In response to the misconduct proceedings, Valentine admitted looking up files without any valid policing purpose. It appears he was carrying out searches on his then wife’s step-brother and a man who was dating his then wife’s mother.

Stephen Morley, acting on behalf of Essex police sent out a warning to officers thinking of misusing their access to the database that this was “not a chance worth taking, because if they are caught they will be dealt with severely”. However, the force did not ask the disciplinary panel to consider sacking PC Valentine – even though his illegal access to this data was not just a civil but a criminal offence.

Commenting on this case DCC Matthew Horne of Essex Police said “We take breaches of professional standards extremely seriously and the information and intelligence we hold must only be used to keep people safe. When any officer or member of staff accesses this information inappropriately and not for a specific lawful policing purpose it is a gross breach of the public’s trust. It is right that we take robust action on these cases to protect public confidence in policing and the integrity and professionalism of the overwhelming majority of Essex’s police officers.” 

Photo of John Hagan, a solicitor who specialises in civil actions against the police and personal injury law.

Police Misconduct Under-Reported?

On the facts that are known to me, probably this was a proportionate outcome, however it is another example of an officer admitting “gross misconduct” who gets to keep his job. In my experience of police misconduct hearings, it is very rare for the officers involved to be dismissed.

As reported by the London Evening Standard between January 2014 – December 2015 of 506 Metropolitan police officers disciplined for offences including corruption, discrimination, perjury, assaults and sexual offences only 1 in 5 lost their jobs.

This is not a very high figure, in proportion to the seriousness of the misconduct offences committed by many police officers, and tends to strongly contradict the picture painted by radio show host Jonathan Vernon-Smith in a recent BBC Radio 3 counties debate in which I participated. Listen to it here:

In discussing the case of PC Andrew Blades, who was dismissed by the Lancashire Constabulary after admitting dangerous driving for pulling his police car deliberately into the path of a motorcyclist whom he wanted to apprehend, Mr Vernon-Smith suggested that police officers losing their jobs and livelihoods for misconduct was now commonplace, and he deplored a culture in which he felt police officers who should be celebrated as “heroes” were having their heads roll.
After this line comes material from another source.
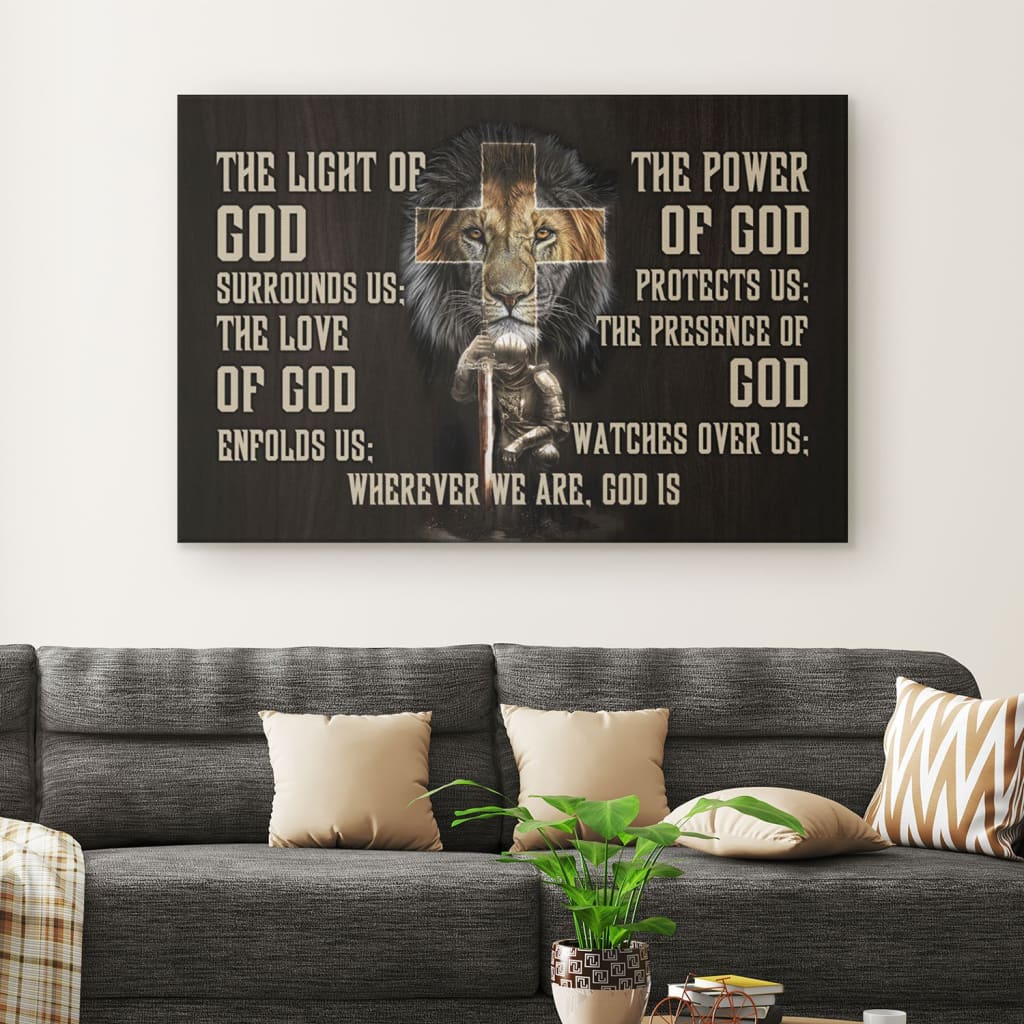 Warrior Lion Of Judah Canvas Warrior Prayer For Protection Wall Art Canvas Print – Religious Wall Decor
I very much objected to Mr Vernon-Smith’s characterisation of the situation, as my own experience is that officers are strongly shielded by their forces, and by their Union the Police Federation, from accusations of misconduct and tend to be let off as lightly as possible even when they do admit offences, as is borne out by the present case of PC Valentine, the Metropolitan police statistics quoted above and similar cases handled by my colleague Iain Gould, one of the UK’s leading police claims specialists as reported on his own blog.

The case of PC Valentine and other officers also begs the question – how many similar misconduct offences are serving police officers getting away with, or, dare we say, having brushed under the carpet ? It remains the case that under UK law there is currently no legal obligation to report personal data breaches to anyone.

Hopefully this will change with the new EU General Data Protection Regulation which obliges data controllers to notify the Information Comissioner’s Office of personal data breaches. Time will tell. But we must remain aware that the threat to our private data security comes not just from without in the form of cyber piracy and hackers, but from the enemy within, in the form of professionals such as police officers who abuse the availability and accessibility of the ever growing police database on the citizens of this country.